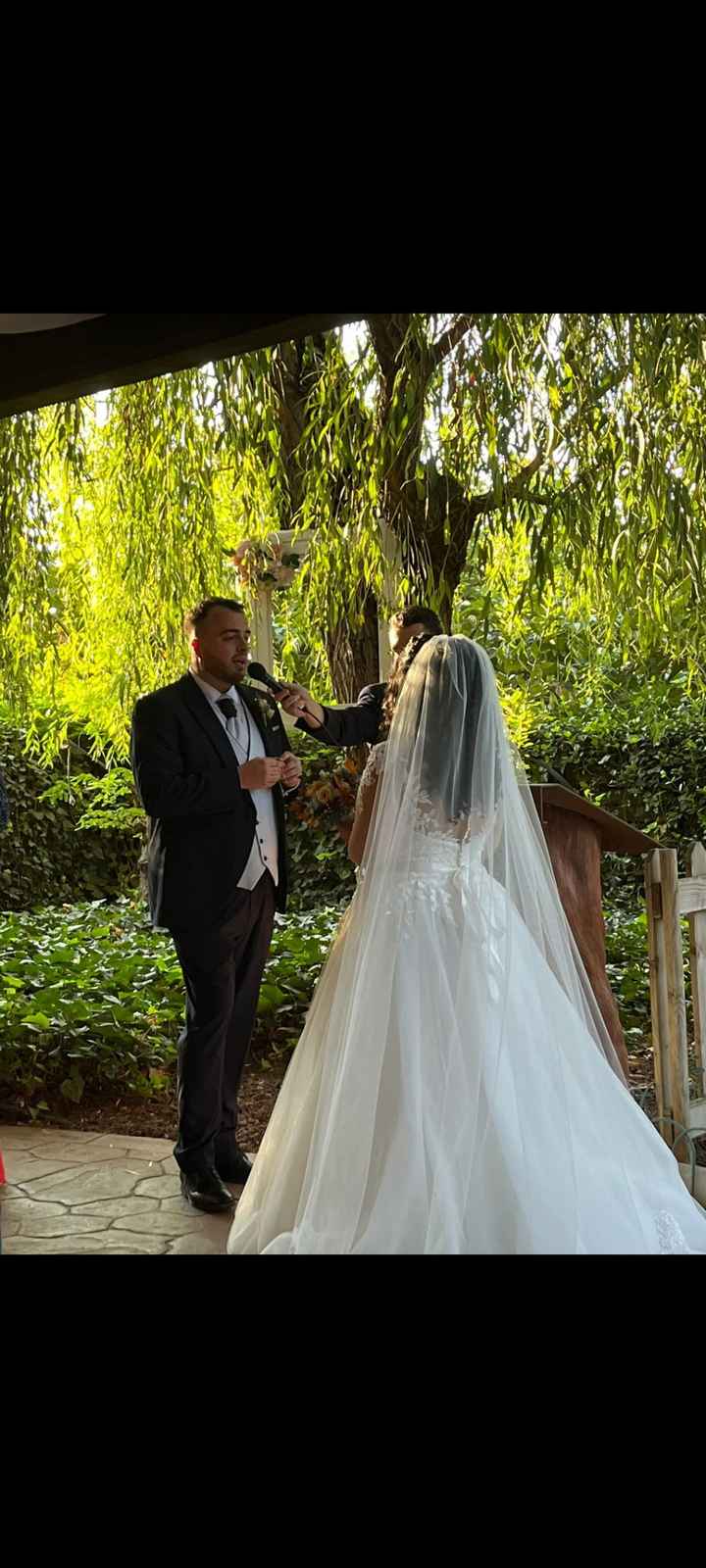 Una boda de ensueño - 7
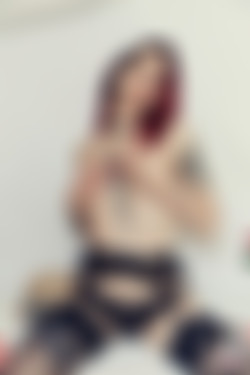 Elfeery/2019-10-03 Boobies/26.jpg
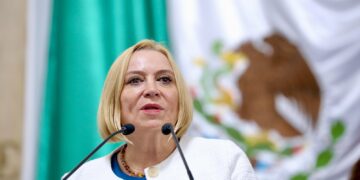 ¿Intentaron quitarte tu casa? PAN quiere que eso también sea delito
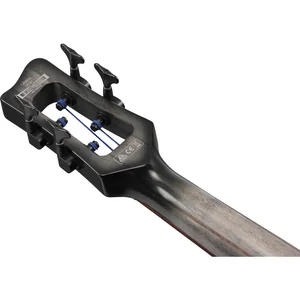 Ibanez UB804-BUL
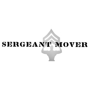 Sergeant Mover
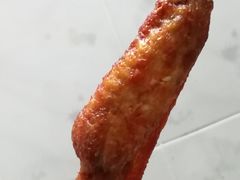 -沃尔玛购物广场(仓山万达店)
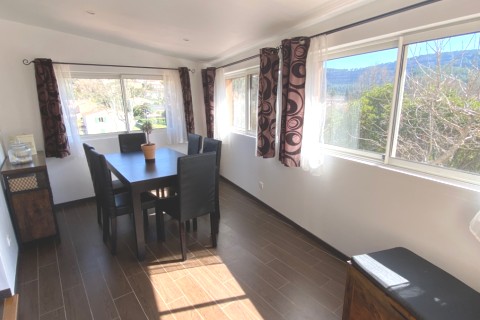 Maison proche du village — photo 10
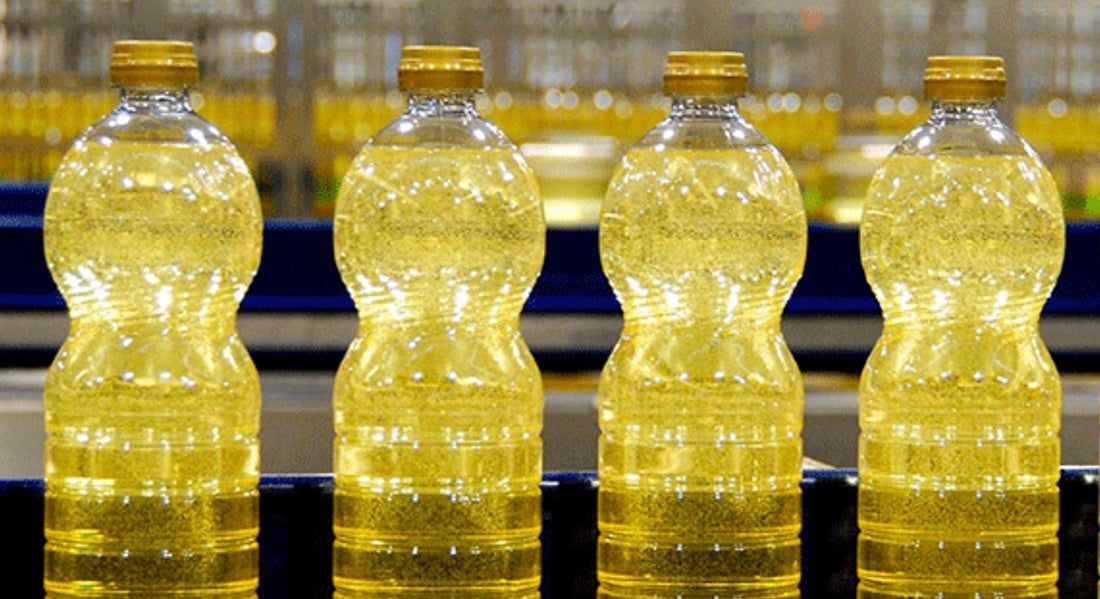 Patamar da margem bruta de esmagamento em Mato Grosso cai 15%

____________________

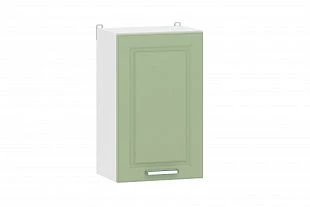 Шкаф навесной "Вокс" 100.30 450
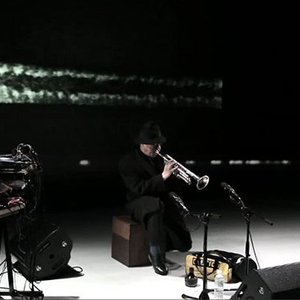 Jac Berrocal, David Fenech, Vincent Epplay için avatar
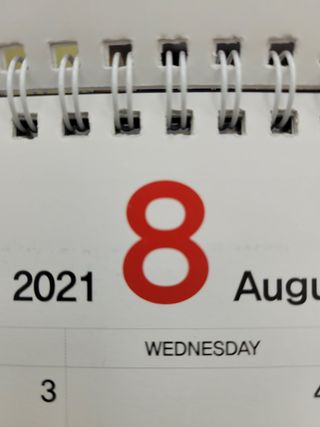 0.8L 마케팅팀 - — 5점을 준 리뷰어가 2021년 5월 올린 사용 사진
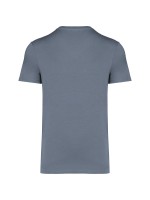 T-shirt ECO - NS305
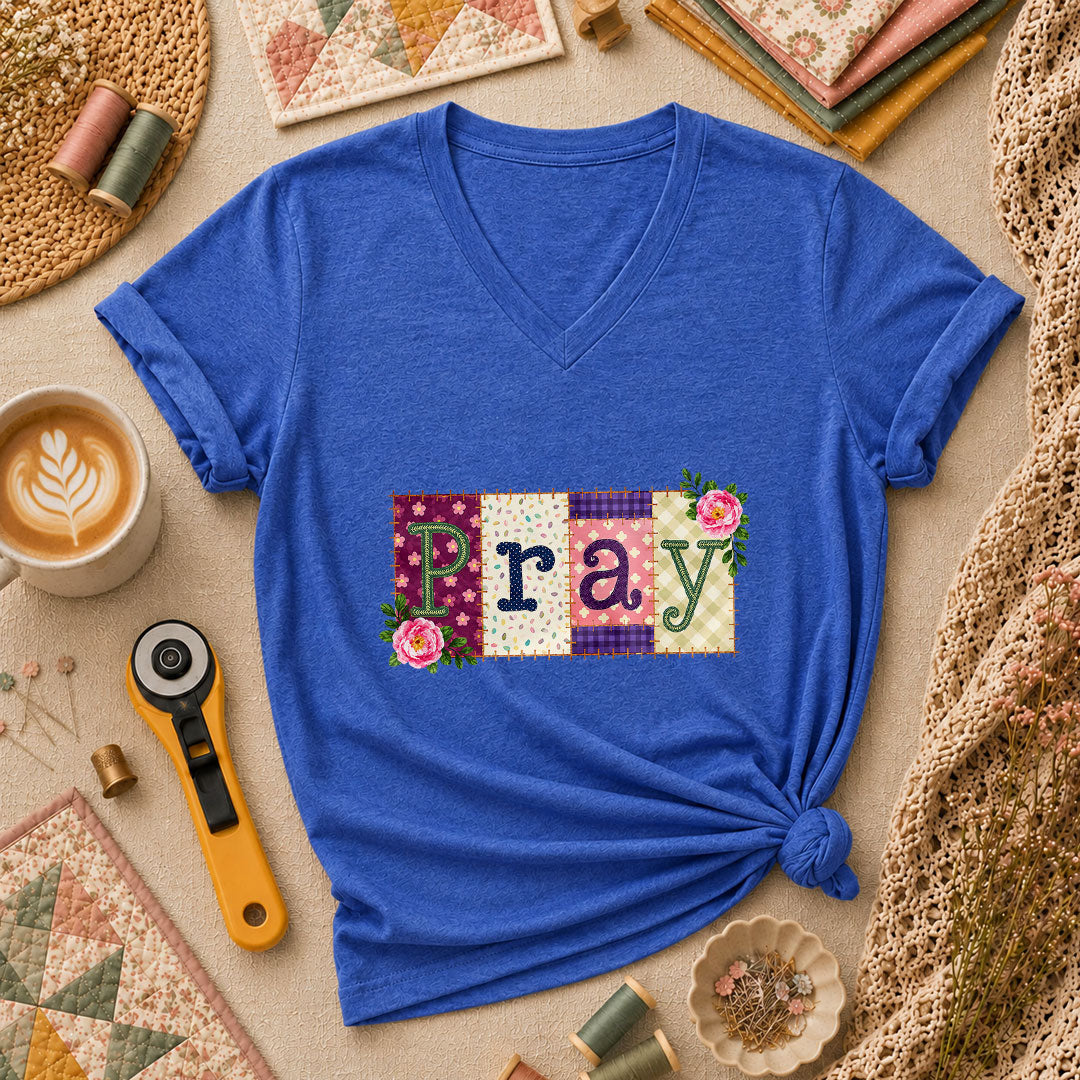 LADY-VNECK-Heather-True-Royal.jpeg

____________________

• **Assigned task**
Return the stretch of data that begins with the line showing "Una boda de ensueño - 7" and goes on through the line showing "Patamar da margem", exactly, with pictures removed.

• **Task answer**
 Una boda de ensueño - 7
 Elfeery/2019-10-03 Boobies/26.jpg
 ¿Intentaron quitarte tu casa? PAN quiere que eso también sea delito
 Ibanez UB804-BUL
 Sergeant Mover
 -沃尔玛购物广场(仓山万达店)
 Maison proche du village — photo 10
 Patamar da margem bruta de esmagamento em Mato Grosso cai 15%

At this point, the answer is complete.